The Labour leader is being pushed to be less ambiguous in his criticism of the Ukip leader.

In his interviews yesterday and today, Ed Miliband was careful to avoid condemning Nigel Farage as a "racist" for his comments on Romanians. He described the remark (suggesting that people should be worried if Romanians moved next door to them) as "a racial slur" but added: "I don’t think of Nigel Farage as a racist himself". After working hard to dispel the perception that Labour regards anyone concerned about immigration as a "bigot", it is not hard to see why Miliband is reluctant to attack the Ukip leader in such terms. 

Rather than denouncing Farage for his stance on foreigners, Miliband has focused on criticising him as "more Thatcherite than Thatcher", highlighting his past support for a flat tax, GP charges and the abolition of maternity and paternity leave. 

But there are many in Labour, including in the shadow cabinet, who would like Miliband to offer a less ambiguous condemnation of the Ukip leader's remarks. In interviews today, David Lammy and Yvette Cooper have both been blunter in their criticism. Lammy told the Daily Politics: "What Nigel Farage said over the weekend was racist. So I'm clear, he's a racist. I am from a background where my parents arrived here as immigrants. I remember a context in which some people said: 'You don't want these people living next door to you.' That was racist."

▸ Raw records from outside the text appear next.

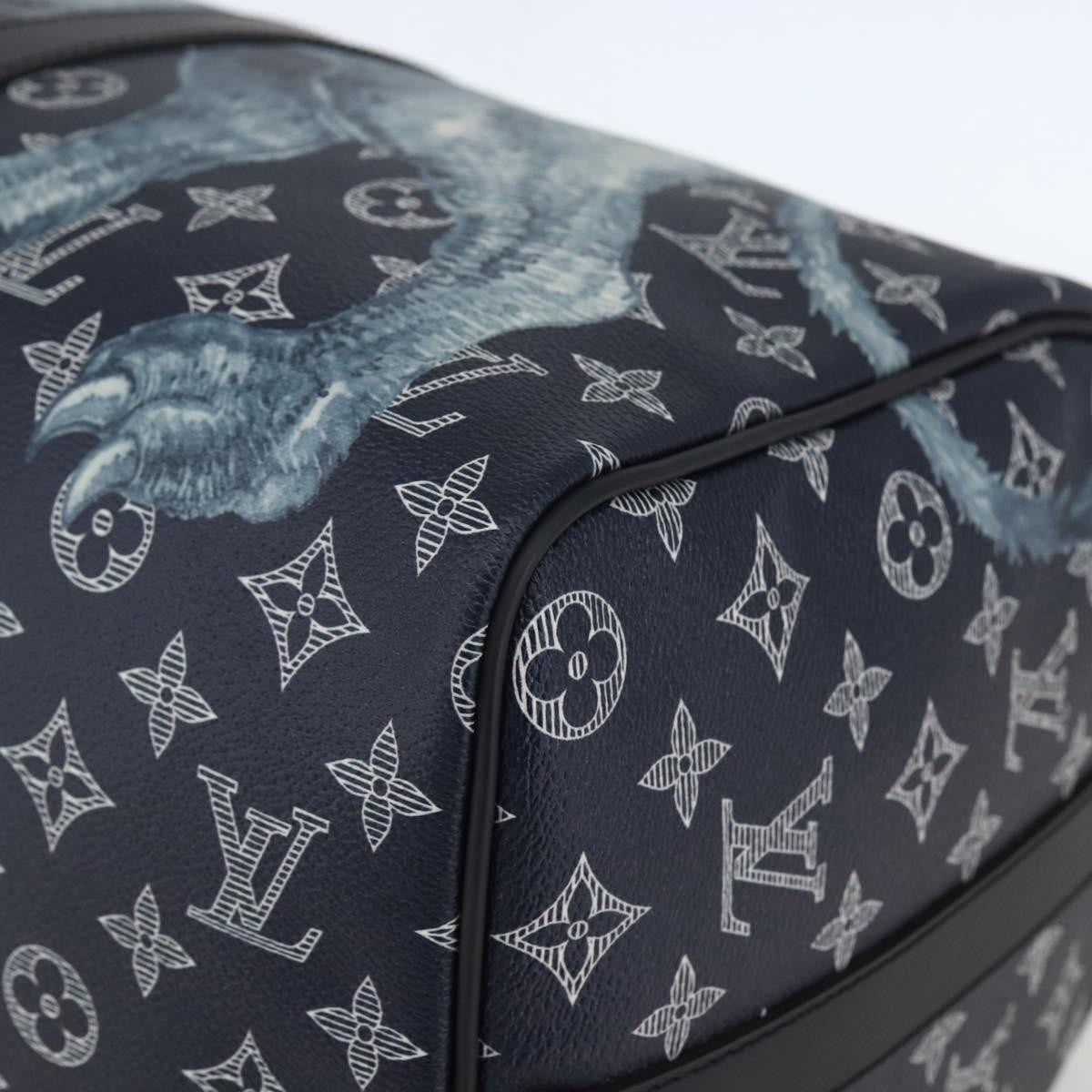 Louis Vuitton Keepall Bandouliere Bag Limited Edition Chapman Savane Monogram Canvas Navy Canvas Travel Bag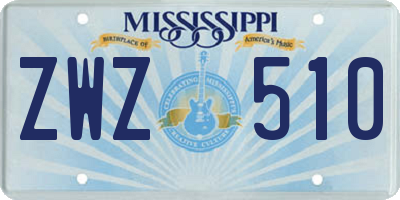 MS license plate ZWZ510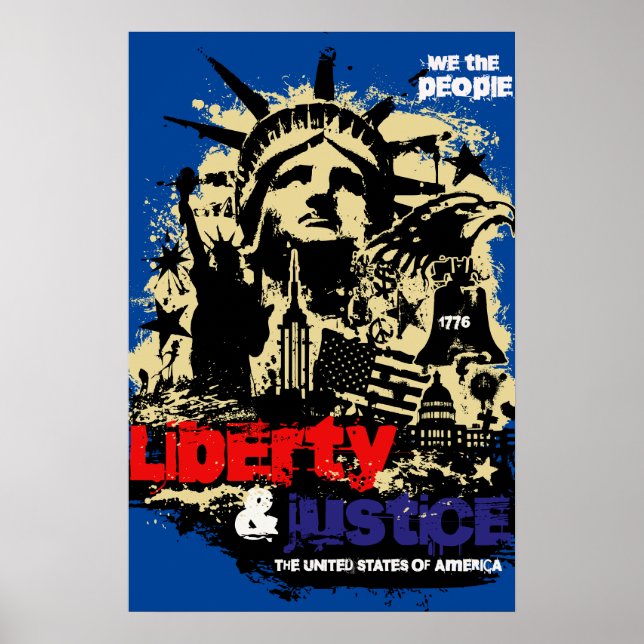 Freiheit und Gerechtigkeit. Statue Of Liberty. US- Poster (Vorne)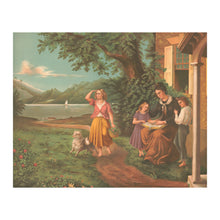 Cargar imagen en el visor de la galería, Digitally Restored and Enhanced 1877 Mother and Children Reading Bible Print - Victorian Religious Family Devotion Domestic - Archival Print
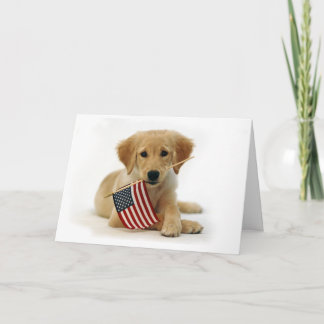 Cartão Independence Day Golden Retriever Puppy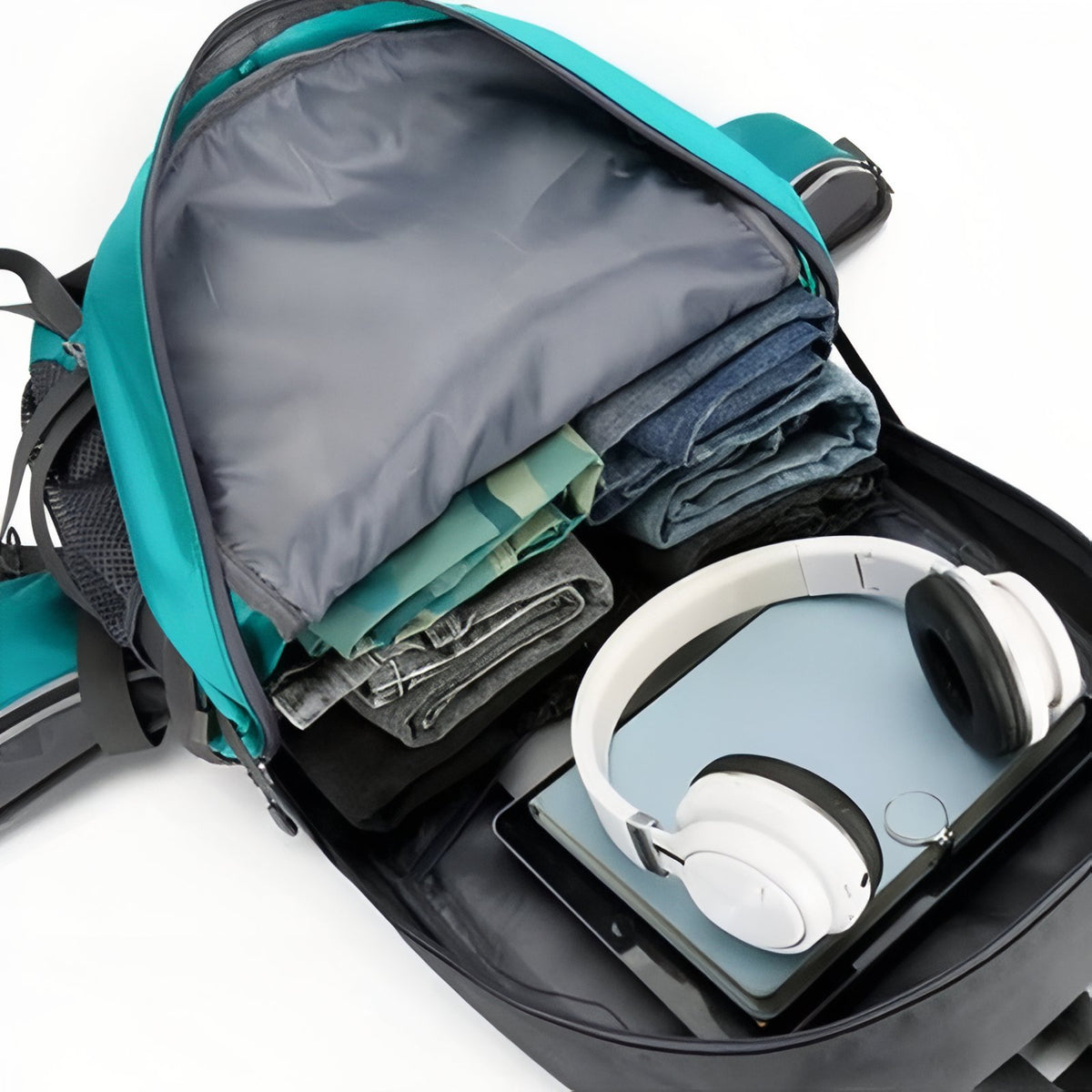 Multi-Pocket Hiking Backpack 55L open compartment - Turquoise and Gray - Dark Gray and Black - Dark Gray and Navy Blue - Deep Black - Orange and Gray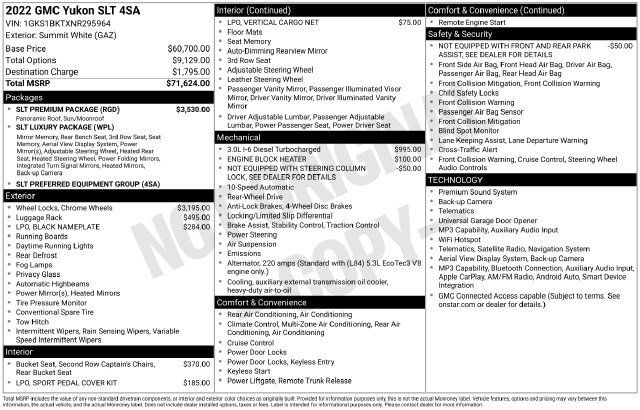 Used 2022 GMC Yukon SLT w/ SLT Premium Package RWD image 1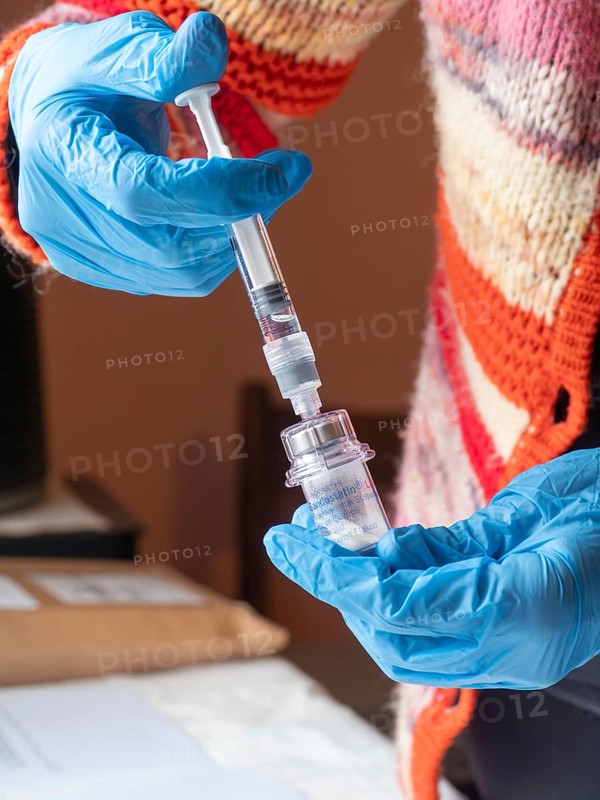 Istambul, Turkey October 21st 2025 Nurse preparing Novartis Sandostatin anti growth hormone injection medication for patient treatment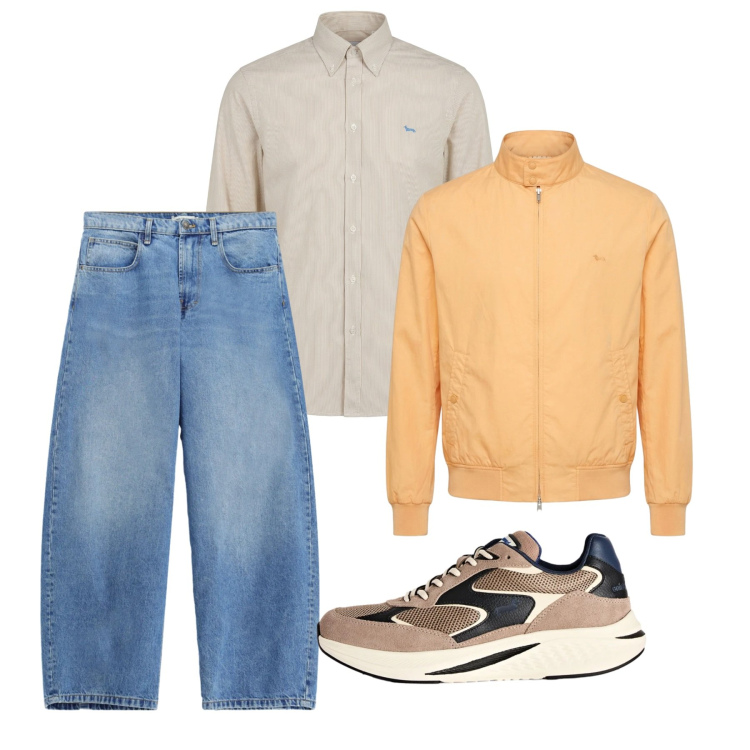 Outfit uomo - Settembre. Stile Casual per Tutti i giorni. Abbinamento con sneakers, camicie, bomber, jeans.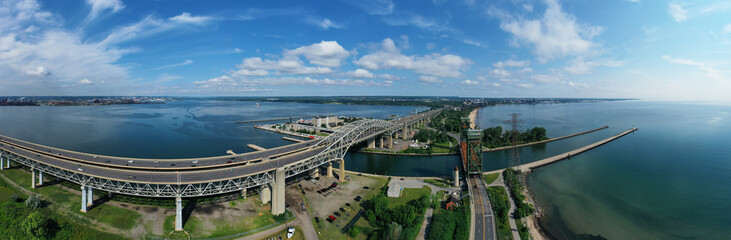 Aerial panorama of the Burlington Skyway with traffic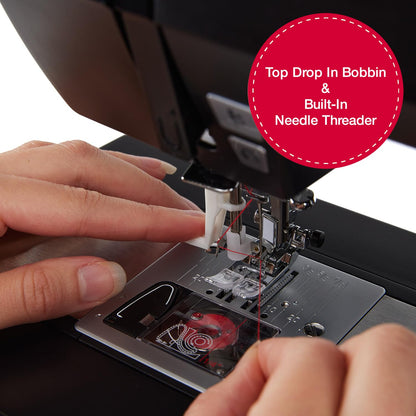 SINGER Heavy Duty 6600C Sterling Sewing Computerized Machine + Accessory | 100 Built-In Stitches Deliver 215 Stitch Applications| 60% More Power, 1100 Stitches/Min| Metal Frame, 6 One-Step Buttonhole
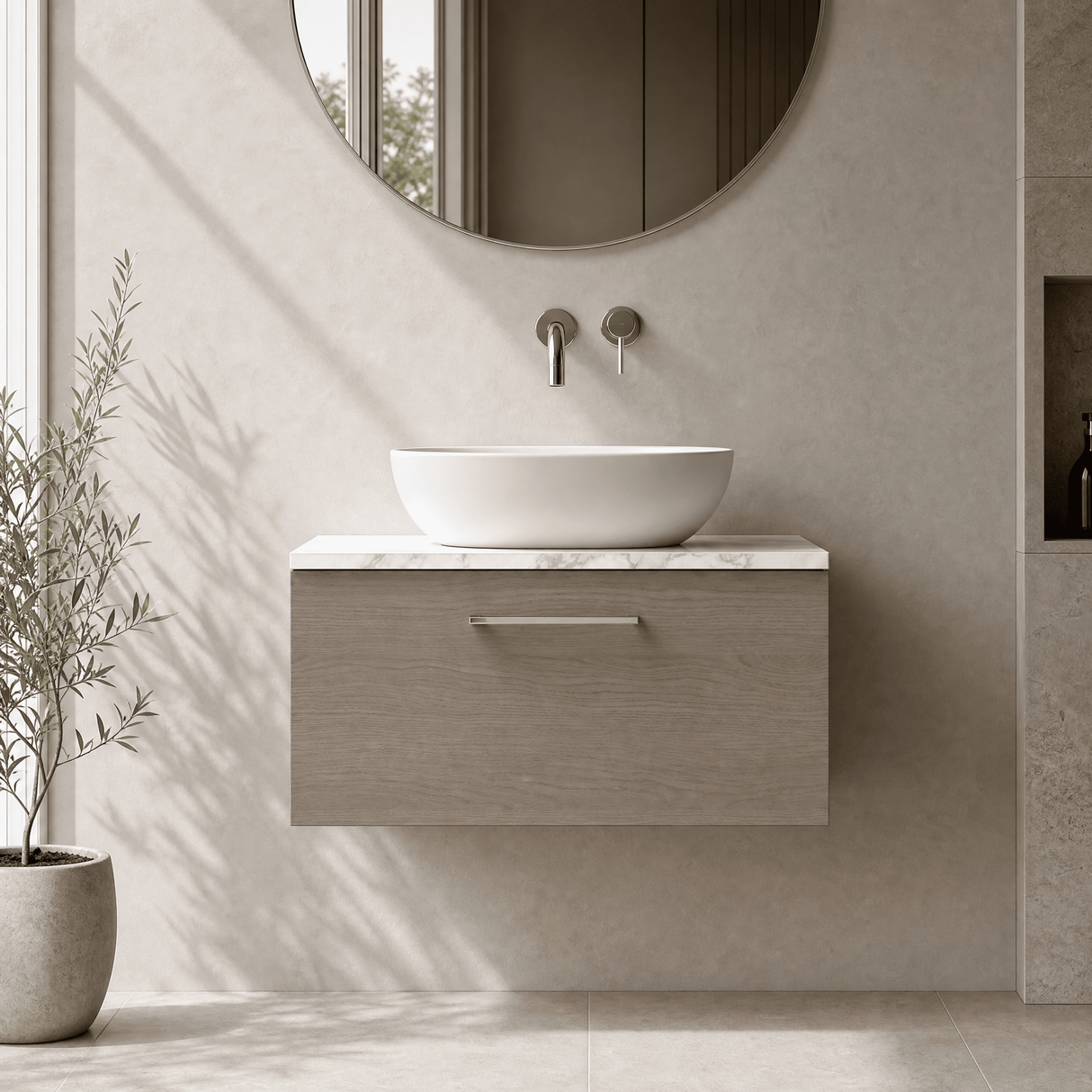 [BFLE2525LCM] Bramshall Contemporary 1 Drawer Wall Hung Vanity Unit with Carrera Marble Laminate Worktop, Choice of Size and Colour - Silo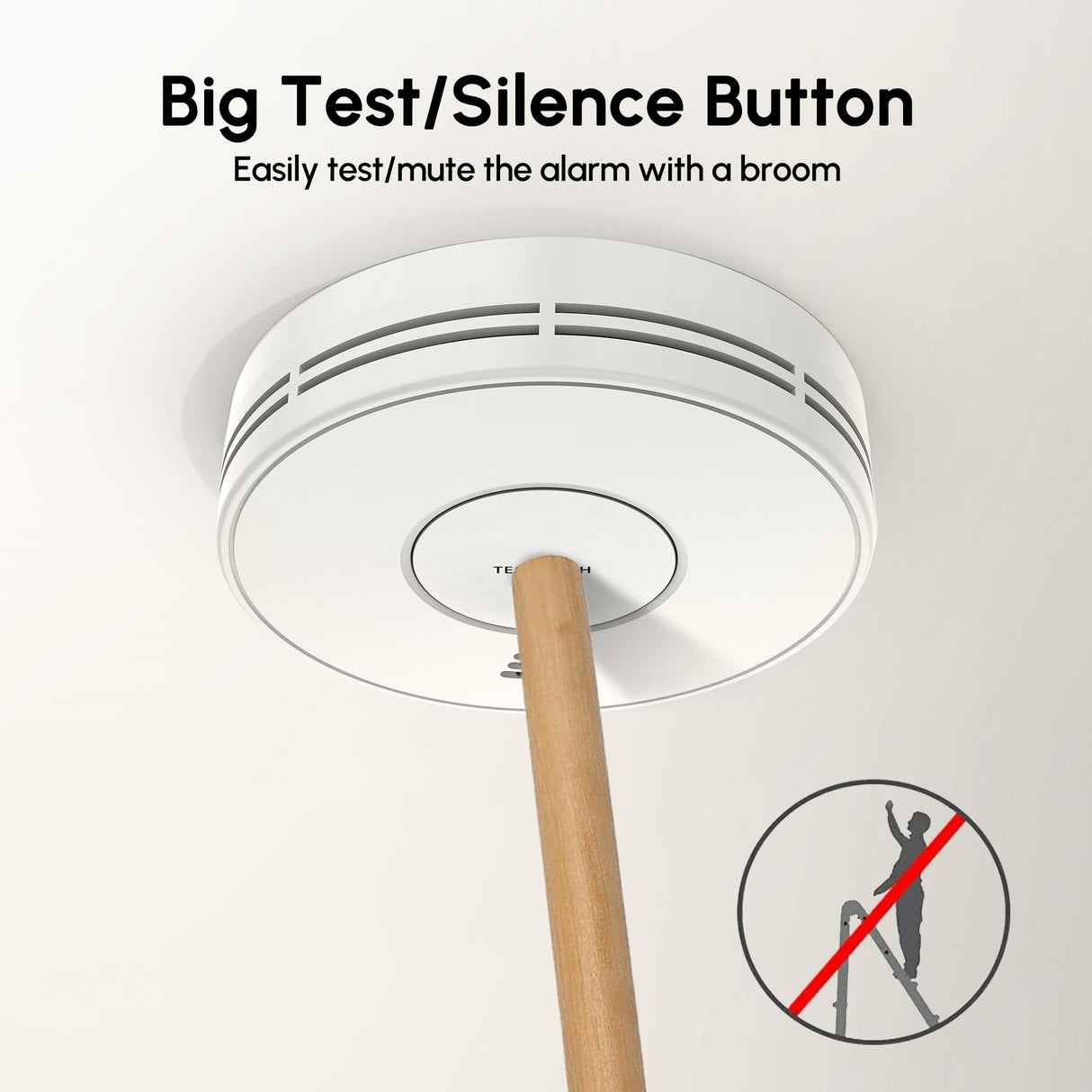 KARUOTOP 10-Year Battery Smoke and Carbon Monoxide Detectors, Fire Alarm CO Detector with Large Test/Silence Button, Easy Adhesive or Screw Mount, 6-Pack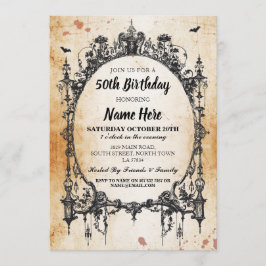 Verjaardagsfeestje Gotisch Lijst Nodig Halloween u Kaart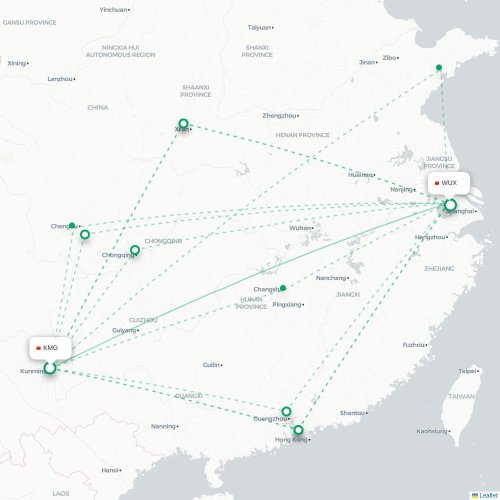 Mapa lotu bezpośredniego Kunming – Wuxi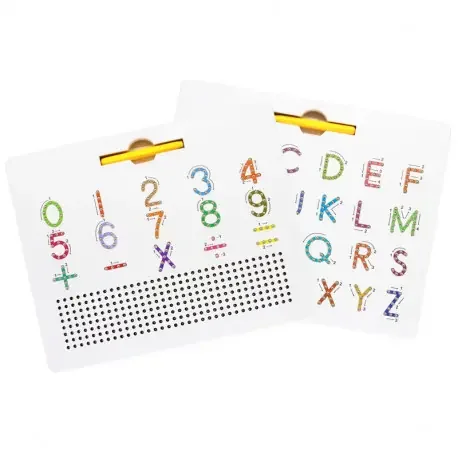 Escritura + Lectura + Idiomas IMAPAD DUO Letras y Números – Tablero magnético reversible con bolitas de metal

Cooper later told ITV News: "It's not racist to be worried about immigration or to want stronger controls, but it is racist to somehow stir up fears about Romanians living next door. So Ukip should say they were wrong on that." As the Labour figure responsible for immigration policy, her intervention was significant.

It's worth noting, however, that Lammy himself said it was not worth getting into a "pedantic discussion of the difference between a racial slur and racism." But their comments will still increase the pressure on Miliband to explain why he does not regard Farage as a racist, rather than merely why it is not helpful to do so. 

George Eaton is political editor of the New Statesman.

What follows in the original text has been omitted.